Okay, technically, that company was “Puzzelpost,” but that’s one in the same, as Puzzelpost are now Diorama Games. The rebrand is simply part of taking the next step and bringing their games to an international audience with the Kickstarter campaign for their first game, The Vandermist Dossier.
The Vandermist Dossier is part one of a trilogy. The project actually began as an English translation of Puzzelpost’s original games, but in modifying the first game for the international market, Diorama have not only translated, but also redesigned and expanded the game with additional puzzles, a stronger narrative, and even more surprises. (Or so I gather; I haven’t actually played the game which inspired The Vandermist Dossier.) The end result of The Vandermist Dossier is pretty close to perfection.
The Vandermist Dossier falls firmly into what we have classed as an Escape Box, and it is an exceptionally well done one at that. From the moment we opened the mysterious box that arrived at our door, we knew we were in for a treat. The materials contained within The Vandermist Dossier are high quality, and cleverly designed.
The narrative is the driving force behind the game, making it a surprisingly immersive experience. The story is so integral to the game that everything serves to move it forward, from Abigail’s letters to the puzzles contained within the dossier. Every reveal as a puzzle was solved pushed the pace of the game, giving us a sense of excitement as we discovered more and more about Abigail’s mysterious disappearance.
The hardest part of an escape room in a box to get right is the conclusion, but Diorama have managed to do this too, tying together everything in a nice, satisfying package. Of course, a few questions are left unanswered, but that’s to be expected, knowing that there are still two more chapters planned.
On a side note, one of the most pleasing aspects of the game was that The Vandermist Dossier managed to create the impression that this was an alternate reality to explore without actually utilising the Internet. Whether that was because we were investigating a disappearance that took place in 1979 and therefore predated the Internet, or for some other reason, it was refreshing, after so many games that have taken us into the digital world, to have everything we needed in front of us, and only need technology to forward the information we discovered at the conclusion of the game.
Riddles, codes, and hidden secrets, oh my! The puzzles in The Vandermist Dossier were varied, and full of fantastic reveals that often pulled an “Oooo, that’s clever!” or “How on Earth did I miss that?” as we delighted in the revelations. The signposting was spot-on, and the way the story, the materials, and the puzzles all weaved together in an intricate pattern to create an entire world.

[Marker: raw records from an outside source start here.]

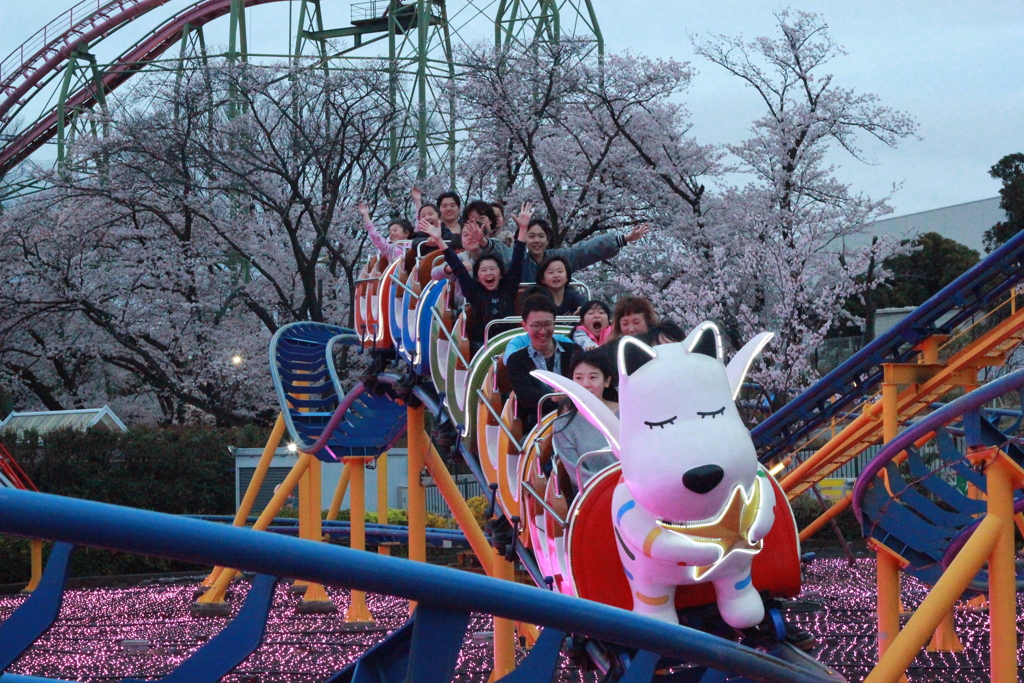 読売ランドのコースター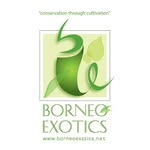 Borneo Exotics - @robcantley - Instagram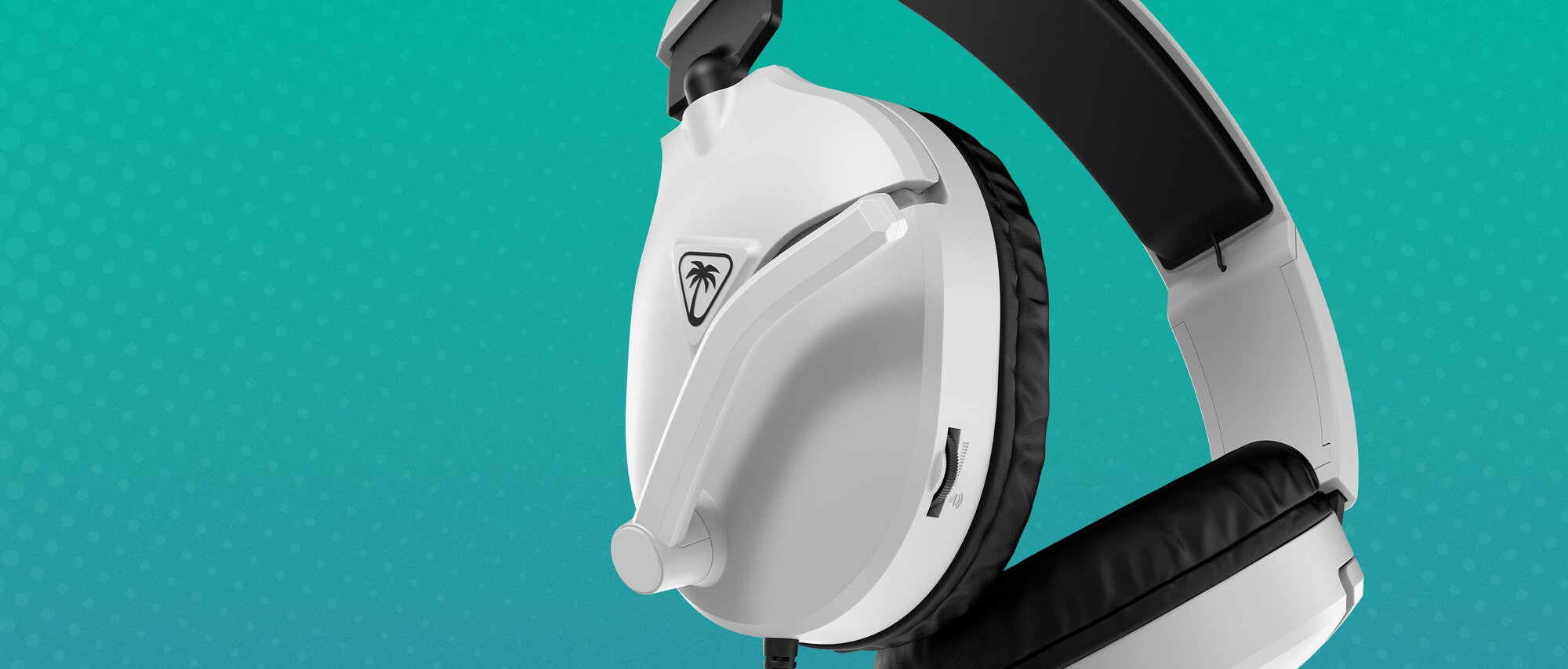 Turtle Beach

In broad terms, there were many escape room-esque puzzles, with hidden codes and a number of sneaky secrets hidden in plain sight…if you know where to look. I don’t really want to say much more about them other than they were clever, logical, fair, and oh so satisfying to solve, while still being so perfectly on theme that they served to further the narrative, rather than simply impede one’s progress through the game.
The clue system is the one exception to not needing the Internet, other than to send the information you’ve uncovered, of course. In the event that the puzzles within the Vandermist Dossier are presenting you with something that just isn’t clicking, Diorama have provided a website to help.

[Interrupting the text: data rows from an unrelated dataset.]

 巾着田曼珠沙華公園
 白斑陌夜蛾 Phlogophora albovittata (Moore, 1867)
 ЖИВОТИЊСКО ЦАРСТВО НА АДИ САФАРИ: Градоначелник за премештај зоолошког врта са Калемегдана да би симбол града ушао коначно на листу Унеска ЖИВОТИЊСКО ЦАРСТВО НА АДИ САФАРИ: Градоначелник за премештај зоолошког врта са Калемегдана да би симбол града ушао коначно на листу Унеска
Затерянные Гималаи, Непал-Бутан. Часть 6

The hints page uses what we’ve come to regard as the standard of granulated nudges, followed by the solution for each puzzle. One of the nicest touches, however, was the inclusion of an “Explanation,” which details exactly how to solve a puzzle without directly giving the solution, allowing players to still get a sense of completion on anything that’s truly stumping them.
Whether players choose to take Hints, Explanations, or Solutions when they’re stuck, these are all nicely laid out on the website, with images to make it perfectly clear which puzzle you’re requesting help on. And each clue (or solution) is hidden behind a drop down to ensure you only ever get help on exactly what you need, and only ever just as much help as you require, with no chance of spoilers.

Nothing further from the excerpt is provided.